Amid public unease about their marriage due to a money dispute between Komuro’s mother and her former fiance, the princess will likely decline a lump-sum payment of up to about ¥150 million ($1.36 million) usually given to female imperial family members upon their departure from the household, the source said.
Under the current rules, female members of the imperial lose their royal status upon marrying a commoner. The marriage of the princess and Komuro, both 29, has been postponed for over two years due to a dispute over ¥4 million that the former fiance claims Komuro’s mother owes him.
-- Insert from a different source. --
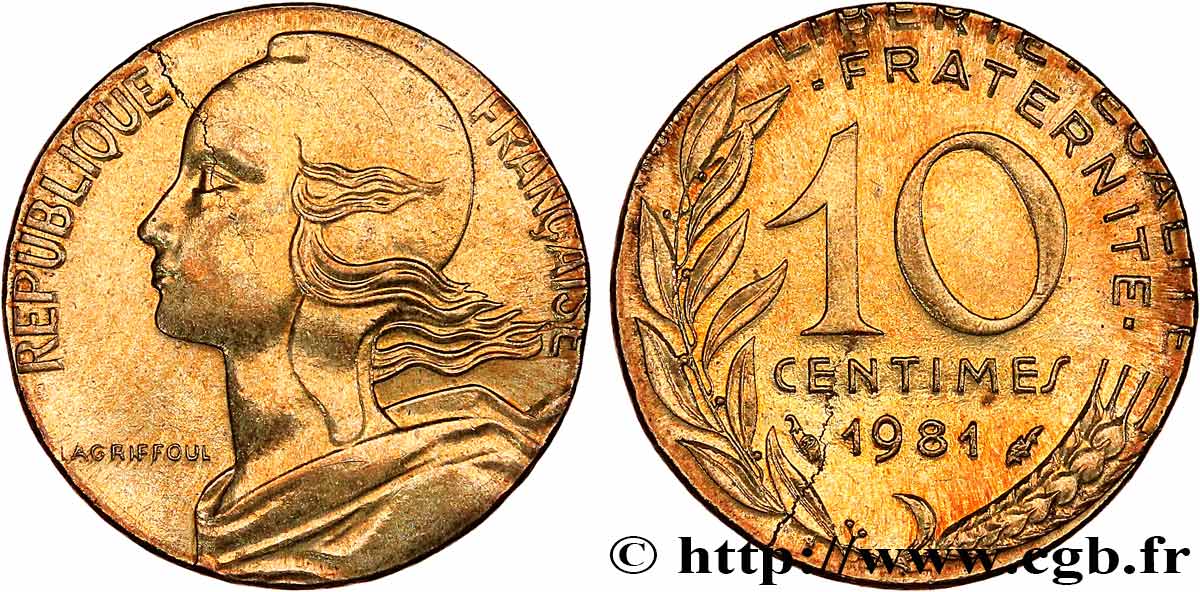 10 centimes Marianne, fautée frappée sur un flan de 5 centimes 1981 Pessac F.144/21 var. SUP+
The sum includes money spent on Komuro’s educational expenses.
If the princess marries Komuro without traditional ceremonies, she would be the first female imperial family member to skip them in postwar Japan.
The rites are an official engagement ceremony called Nosai no Gi, in which the families of the betrothed exchange gifts, and a Choken no Gi ceremony to officially meet with the emperor and empress before marriage.
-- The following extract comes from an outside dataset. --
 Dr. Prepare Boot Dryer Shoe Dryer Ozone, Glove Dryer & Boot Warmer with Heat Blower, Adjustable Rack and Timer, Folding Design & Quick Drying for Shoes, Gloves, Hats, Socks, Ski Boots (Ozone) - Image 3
The Imperial Household Agency will consider whether it is possible under current rules not to offer the lump-sum payment, which would be financed by taxpayers’ money, in accordance with the princess’s request.
Komuro currently lives in the United States, having graduated from Fordham University’s law school in New York State with a Juris Doctor degree in May and taken the state bar examination in July. The result of the exam will be announced by mid-December and he is expected to secure a job at a law firm in the U.S.
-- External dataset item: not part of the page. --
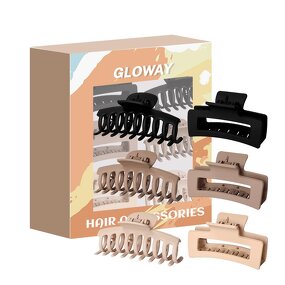 Hair Clips Manufacturer - Hot 6Pcs Big Matte Banana Strong Hold Jaw Large Claw with Custom Package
Crown Prince Akishino, the emperor’s younger brother, has said he approves of his eldest daughter’s marriage to Komuro but suggested it would have to be welcomed by a skeptical public.
“I mean, I approve of them getting married. The Constitution says marriage shall be based only on the mutual consent of both sexes. If that is what they really want, then I think that is something I need to respect as a parent,” the crown prince said last November at a news conference held for his 55th birthday.
In April, Komuro issued a statement seeking to correct what he called misunderstandings among the public about his mother’s financial status, and said his wish to marry the princess has not changed.
Princess Mako, who said last November the marriage was a “necessary choice” for the couple, indicated her hope that the statement to address the monetary dispute would help gain more public understanding of his stance.
“I would appreciate if people could understand there were various circumstances (behind the dispute) by reading the document,” the princess was quoted as saying by an official of the Imperial Household Agency.
Shortly after releasing the statement, Komuro offered to make a payment to his mother’s former fiance in an effort to settle the money dispute.
The former fiance also expressed his desire to enter negotiations, saying the planned marriage and the dispute were separate issues. But there has been no progress in efforts to settle the case since then.
The couple’s marriage may influence Japan’s ongoing debate to address its shrinking number of imperial family members, as the government is considering allowing female members to retain their royal status even after marrying commoners.
Princess Mako’s brother Prince Hisahito, 14, who is second in line to the imperial throne, is the only heir of his generation as the Imperial House Law states that only males with male lineal descent from emperors can ascend the Chrysanthemum Throne.
Komuro and Princess Mako, Crown Prince Akishino’s eldest daughter, met in 2012 as students at International Christian University in Tokyo. They were unofficially engaged in September 2017.
Komuro, who previously worked at a Tokyo law firm as a paralegal, started studying at the New York law school in August 2018 after his planned marriage with the princess was abruptly delayed following reports of the financial dispute.